Affaires et finances

Meta peut payer l’amende de 567 millions au Nouveau-Mexique ; ce qu’elle conteste, c’est la refonte imposée à Instagram

Victor Maslow

Un tribunal d’État du Nouveau-Mexique a fait ce qu’aucun accord, aucune audition au Congrès et aucun boycott publicitaire n’avaient réussi à faire après des années de pression sur Meta : il a commencé à concevoir le produit. Ce qui fait la une à Santa Fe, c’est une pénalité à neuf chiffres. La partie qui empêchera les avocats de Meta de dormir, c’est la liste des choses qu’un juge ordonne désormais à Instagram et Facebook de faire pour les comptes des mineurs de l’État.

Voilà le signe dans la promesse de Meta de faire appel. Les entreprises de cette taille ne se battent pas le plus durement pour de l’argent qu’elles peuvent absorber ; elles se battent pour un précédent qu’elles ne peuvent pas accepter. Et le précédent ici n’est pas le montant du chèque. C’est l’idée qu’un seul juge de district peut intervenir dans la conception du plus grand réseau social du monde et réécrire la façon dont il traite les enfants.

Le jugement, rendu cette semaine par le juge Bryan Biedscheid, ordonne à Meta de verser 567 millions de dollars dans un fonds destiné à réparer les préjudices causés par ses applications aux jeunes Néo-Mexicains. Il s’ajoute aux 375 millions de dollars qu’un jury de Santa Fe avait accordés au printemps, portant le total à environ 942 millions de dollars — un chiffre qui semble énorme et qui, à l’échelle de Meta, se rapproche davantage d’une ligne budgétaire que d’une blessure. L’État avait demandé un milliard. Meta ne sentira pas la différence.

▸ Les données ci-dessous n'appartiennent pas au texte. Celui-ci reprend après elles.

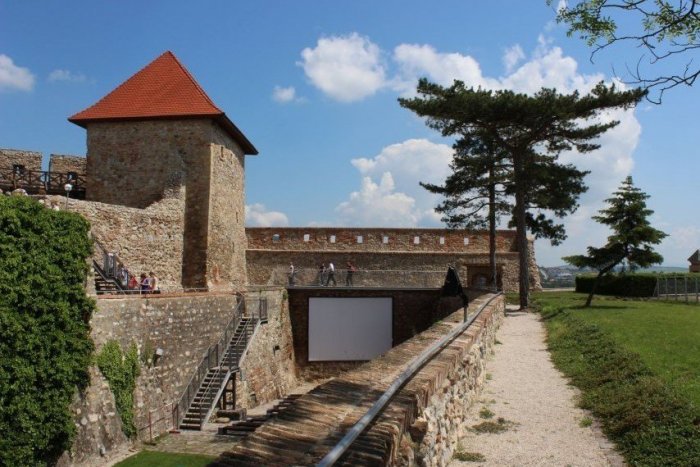 Ilustračný obrázok k článku Leto na Nitrianskom hrade: Tešiť sa môžete na filmy, koncerty i šermiarov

La majeure partie du fonds, 420 millions de dollars, est réservée aux services de traitement pour les jeunes, le reste étant consacré à la sensibilisation, à la prévention et au dépistage au cours des cinq prochaines années. Le tribunal a qualifié Meta de « nuisance publique » — le même instrument juridique que les États ont utilisé pour forcer les fabricants d’opioïdes à payer pour une crise qu’ils avaient contribué à créer — et lui a ordonné de réparer les dommages. Ce cadrage est important : une nuisance n’est pas une amende unique, mais une obligation continue que le défendeur doit continuer à corriger.

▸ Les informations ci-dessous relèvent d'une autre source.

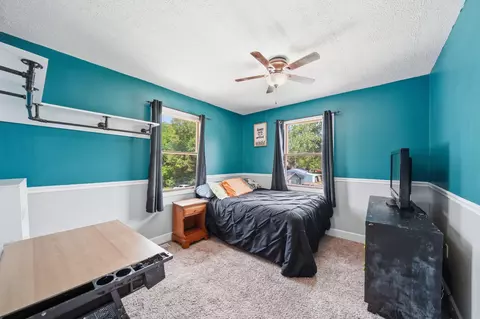 Bedroom - 825 Gerald Ave, Jackson, MI 49203 photo 1 of 5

Viennent ensuite les ordonnances que l’argent ne peut pas régler. Meta doit cesser d’envoyer des notifications push aux utilisateurs mineurs entre 22 h et 7 h. Elle doit limiter leur temps sur Instagram et Facebook à quatre-vingt-dix heures par mois. Elle doit masquer le nombre de « J’aime » aux mineurs, sauf autorisation parentale, construire un modèle capable de prédire quels utilisateurs ont moins de treize ans d’ici deux ans, et ouvrir un canal de signalement avec les écoles. Chacune de ces mesures est une décision de produit — le genre que Meta a gardé sous son contrôle pendant deux décennies — désormais inscrite dans une ordonnance judiciaire.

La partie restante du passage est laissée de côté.